In Deutschland gehört die Rolle der Frau zu den meistdiskutierten Themen im Kontext des Islams. Es gibt zwar viele reale Defizite, aber aus der Frauenfrage resultieren auch diverse Vorurteile gegenüber Muslimen. Tuba Isik von der Uni Paderborn hat sich mit einem Koranvers zu dem Thema befasst. Sie meint, die Schöpfungsgeschichte im Koran weist Frauen eine stärkere Rolle zu als etwa Thora und Bibel.

Von Dr. Tuba Isik, Universität Paderborn | 03.07.2015
    "Und zu seinen Zeichen gehört es, dass er für euch von euch selber Partnerwesen erschuf, auf dass ihr bei ihnen Ruhe findet, und er hat zwischen euch Liebe und Barmherzigkeit gesetzt: hierin sind wahrlich Botschaften für nachdenkende Leute."
    Diesem Vers geht der Hinweis auf die Erschaffung von Mann und Frau aus Erde voraus – wie es auch im Alten Testament überliefert ist. Nun geht es um das Verhältnis beider zueinander.
    Mann und Frau sind nach koranischer Auffassung Partnerwesen. Gott hat sie aus einer Essenz oder aus einem einzigen lebenden Wesen, sozusagen einer Vorstufe der Geschlechter, erschaffen. Daraus wird abgleitet, dass Mann und Frau nach Gottes Willen komplementär sind, also sich gegenseitig ergänzende Wesen. Die Aussage, dass beide aus einer und derselben Essenz stammen, begründet die Gleichheit von Mann und Frau.
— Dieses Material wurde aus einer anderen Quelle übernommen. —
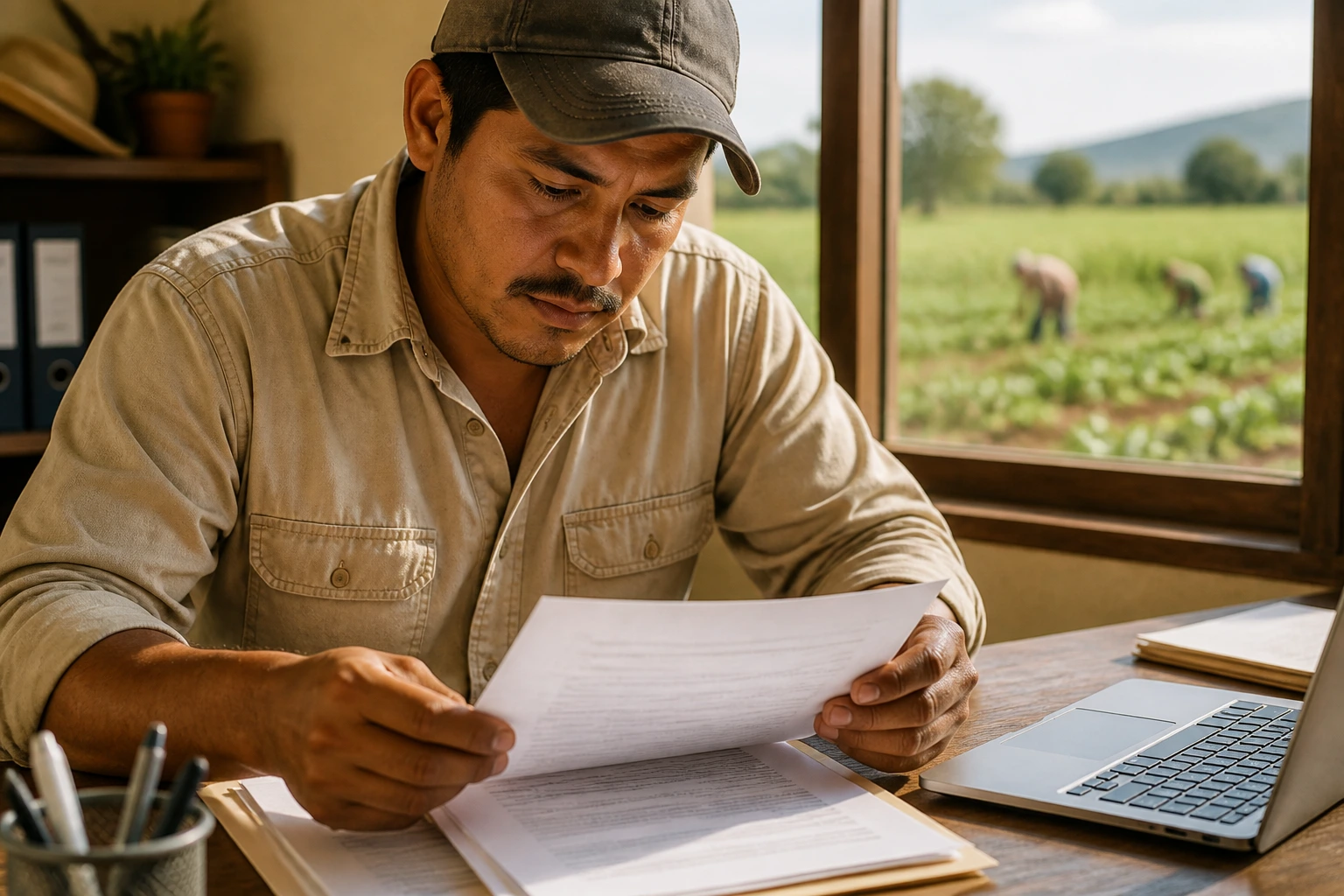Close-up of a farmworker reviewing paperwork with a rural field backdrop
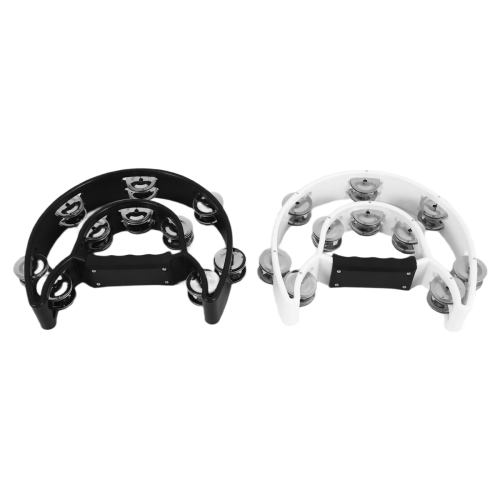 2Pack 10 Inch Double Row Tambourine for Adult,Half Moon Musical Tambou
    Die Sendereihe Koran erklärt als Multimediapräsentation
    Damit verneint Gott im Koran eine Wertigkeit oder Hierarchie zwischen den Geschlechtern, die man beispielsweise aus einer Abfolge der Erschaffung ableiten könnte. Dementsprechend heißt es in einem Hadith, einer Überlieferung vom Propheten Muhammed sehr treffend, dass die Frauen die Zwillingshälften der Männer sind.
    An keiner anderen Stelle spricht Gott so im Koran über das emotionale Verhältnis zwischen Mann und Frau wie in dem hier zitierten Vers 21, der Sure 30. Drei Begriffe werden genannt: Ruhe, Liebe und Barmherzigkeit.
    Dr. Tuba Isik, Universität Paderborn in einem Hörfunkstudio des Deutschlandradio
    Dr. Tuba Isik von der Universität Paderborn (Deutschlandradio/Bettina Fürst-Fastré)
    Für das erste Wort, auf Arabisch lautet es sakîna, gibt es im Deutschen keine eindeutige Übersetzung. Es ließe sich auch mit Begriffen wie Frieden und Gelassenheit oder mit Gottesbewusstsein übersetzen. Demnach kann man seinen Partner oder seine Partnerin – metaphorisch gesprochen – als einen Ort verstehen, an dem man Ruhe, Wärme und Geborgenheit findet. Diese Zweisamkeit von Partnern kann dann zugleich ein Moment von starker Gottesgegenwart sein.
    Ferner sollen die Partner beieinander Liebe, arabisch mawadda, und Barmherzigkeit, arabisch rahmâ', finden. In der arabischen Sprache gibt es unterschiedliche Worte für die verschiedenen Arten der Liebe. So wird die Liebe zwischen Eltern und Kindern, Geschwistern oder auch Gläubigen beispielsweise mit hubb bezeichnet. Mawadda indes bezeichnet die Liebe zwischen Eheleuten, bei der die gegenseitige Anziehungskraft eine Rolle spielt. Diese ist nicht nur Grundvoraussetzung für eine beide Seiten erfüllende Beziehung. Diese Anziehungskraft ist auch Quelle und Energie für das Miteinander von zwei Menschen.
    Die dritte Eigenschaft, die Gott den "Partnerwesen" Mann und Frau gegeben hat, ist Barmherzigkeit. Sowohl Liebe als auch Barmherzigkeit gehören zu den 99 aus dem Koran bekannten, schönsten Namen Gottes. Mit ihnen werden die Eigenschaften Gottes beschrieben. Vor allem ist die Barmherzigkeit jene Eigenschaft, die sich Gott uneingeschränkt gegeben hat. Und damit beschenkt Gott, auch jedes seiner Geschöpfe.
    Im Sinne dieses Koranverses kann Barmherzigkeit in der Ehe bedeuten, dass Ehepartner füreinander Sorge tragen, für den anderen Verständnis aufbringen, sich unterstützen und sich dem Partner, wenn er eine Zeit der Schwäche erlebt, barmherzig zuwenden.